Find Query Plans That May Utilize Parallelism

When ever I go to a new client to assist with performance issues, I inevitably download the Troubleshooting Performance Problems in SQL Server 2005 white paper.  In my opinion and many others, it is one of those documents that should be at the click of a button to open and I keep it handy on my desktop.

One of the most common wait types that I observe at clients is CXPACKET, known on the street as parallelism.  And since most of these are OLTP database systems, there is a good need for looking into the causes of said wait type.

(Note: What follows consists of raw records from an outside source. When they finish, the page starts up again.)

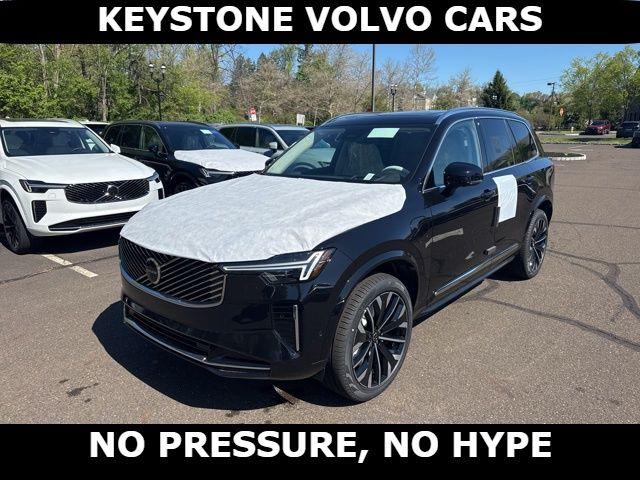 New 2026 Volvo XC90 Plug-In Hybrid T8 Ultra 7-Seater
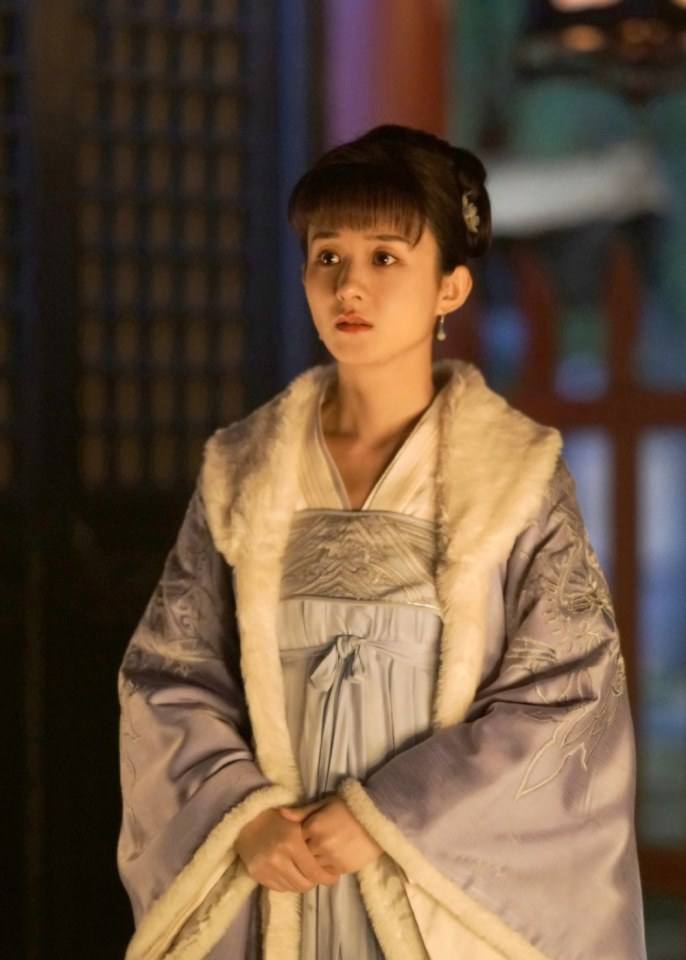 ละคร หมิงหลาน The Story Of Ming Lan 《知否知否应是绿肥红瘦》 2017 6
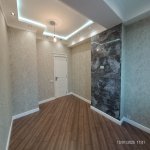 Satılır 4 otaqlı Yeni Tikili, Dərnəgül metrosu, 7-ci mikrorayon, Binəqədi rayonu 6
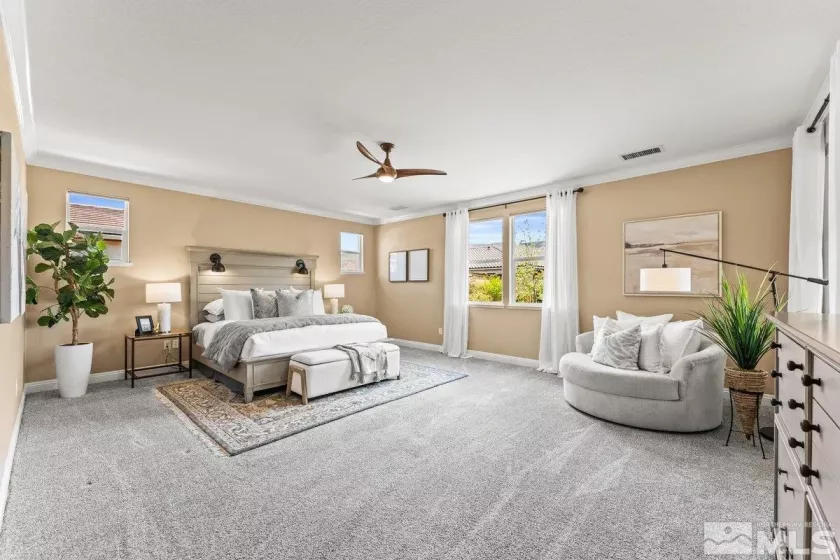 9860 Copenhagen Way, Reno, Nevada 89521, 4 Bedrooms Bedrooms, ,3 BathroomsBathrooms,Residential,For Sale,Copenhagen Way,250005729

When I’ve identified that parallelism is the reason for the server running hot and hopefully not catching on fire I start to look at what is running or has run on the server that is utilizing parallelism.  When I first starting to look for execution plans that might use parallelism, I used the query in the white paper (mentioned above) that would return back a list of all of the plans that are currently in the procedure cache that would utilize parallelism if they were selected.

That query is:

SELECT
p.*,
q.*,
cp.plan_handle
FROM sys.dm_exec_cached_plans cp
CROSS APPLY sys.dm_exec_query_plan(cp.plan_handle) p
CROSS APPLY sys.dm_exec_sql_text(cp.plan_handle) q
WHERE cp.cacheobjtype = 'Compiled Plan'
AND p.query_plan.value('declare namespace p="http://schemas.microsoft.com/sqlserver/2004/07/showplan";max(//p:RelOp/@Parallel)', 'float') > 0

But recently I got to thinking; and this can be a dangerous game. Do I care about a plan that is only used once? Also, is it better to first look at plans that utilize more CPU than other plans? How do I rank one plan against another plan?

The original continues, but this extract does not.